A startup’s relationship with angel investors is like a minefield - one wrong move can end the game.
Startups put in immense efforts and hard work in pitching to potential angel investors to bring them on board. But the work does not end there, they are going to be involved in the functioning of the startup in some capacity.
Experts nearly one-third of the startups shut down because they do not know how to plan and utilise their finances leading to investors losing interest and trust in the startup.
A startup’s relationship with angel investors is like a minefield - one wrong move can end the game. A strong relationship can help the startup grow and come out with flying colours. It is, therefore, extremely important to maintain a working, productive and winning relationship with them, even if not a friendly one.
The most basic and important step to build a productive relationship is establishing expectations that the startup and angels have of each other. It is equally important to define the nature of the relationship, setting boundaries, the degree of control, vision, the scale of growth, and exit strategy that is acceptable to both parties.

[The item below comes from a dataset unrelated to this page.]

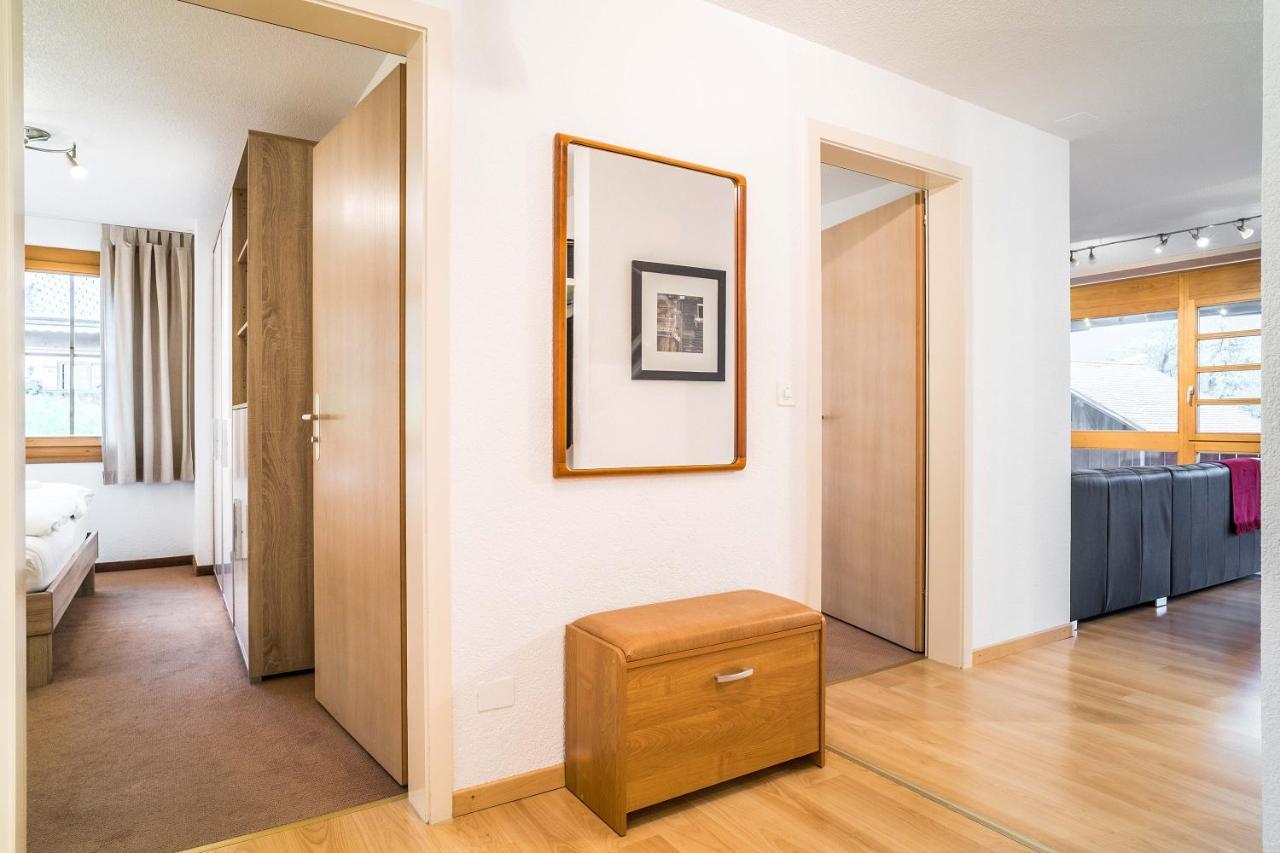 Apartment Jungfrau - Griwa Rent Ag 格林德瓦 外观 照片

Having a shared vision and passion is important too as it determines if you and your investors are on the same page. No one wants to be met with unpleasant surprises, frustrations, conflicts, and disappointments during the course of work.
One of India’s most sought-after angel investors, Rajan Anandan, talks about having a shared vision and passion.
“In my first meeting… I try to get a sense if this is the founding team that can run the distance for 10-15 years. Do they have energy and the chemistry? Are they interesting? Tshe reality is I have to probably talk to them for a decade. And because I tend to invest in things I understand deeply, in half-an-hour I can ask the five questions that matter. By the seventh question, if you are still with me, it means at least you know your business. Which is why I don’t invest in things I don’t understand because I have no idea what questions to ask.”
A strong relationship is always built on a foundation of mutual respect and trust between the parties. Startups must respect their investors’ opinions, feedback, and suggestions. Even when they disagree, they must behave respectfully towards each other and discuss openly to arrive at a mutually acceptable solution. To elicit trust from investors, the startup must continuously engage with them rather than treat them as an impediment that needs to be dealt with.
Paytm, one of the largest fintech companies in India has seen an exponential rise in a short span of time and its current valuation is around $10 billion.
It has had three successful funding rounds and has raised billions of dollars in funding. Its founder, Vijay Shekhar Sharma, insists that it is important to nurture trusting and respectful relationships with investors for better outcomes.
Angel investors expect that they are kept in the loop and regularly updated about progress, latest figures and charts by the startup team, without having to nudge them to do so. A day-to-day briefing is not necessary but a weekly update and a monthly report apart from other important/noteworthy updates will elicit trust in the investors. Even when there are failures or issues, if you are forthright with your angel investors, they will appreciate it and help you with their expertise. Keeping open and honest channels of communication with the angel investor will help build a positive image of the startup.
Investors can provide crucial insights and inputs from their expertise and experience. You do not need to incorporate or agree with all their suggestions but even listening to and valuing them will give the investor a sense of validation. When there are more than one angels, there is bound to be strong and conflicting suggestions. Startups should them listen to all of them and learn to politely refuse what does not fit their bill.
When investors have underlying concerns about your operations, plans, or any other aspect of the business, you should make a conscious effort to address those concerns through an open dialogue and reasoning.
Challenging one another in a healthy and constructive manner will help in cementing the relationship between you and your investor while also helping the business grow.
Lions do not sugarcoat or beat-around-the-bush, they are go-getters who are result-oriented and enjoy challenges. Even their reports are concise and to-the-point without the frills and fluffs and leave it to the investor to decide on when and how much of the funding to release. Lambs believe in meeting the investors regularly and sending regular reports, whether or not they have results. Being a lion will help in building a winning relationship with the investors. A case in point is
Zomato, one of the largest food guides of the world. Its founder, Deepinder Goyal, who has been a lion in his relationship with investors and potential investors, demands fair deals and treatment from investors, is averse to being pushed around and has always looked to maintain a healthy two-way relationship with his investors.
Quoting him, “Our investors are generally supportive, proactive, and trustworthy. They invariably bring new perspectives, which are different from mine. So, we treat them as advisers, and not as bosses. A lot of other founders I know treat their investors as bosses, not advisers or allies – and that leads to a very unhealthy relationship between founders and investors.” Zomato has had over 10 funding rounds, has raised over $450 million in funding and has a valuation of $1 billion as of 2018.
Building a productive relationship with your angel investors will go a long way in helping your business grow and flourish.
(Disclaimer: The views and opinions expressed in this article are those of the author and do not necessarily reflect the views of YourStory.)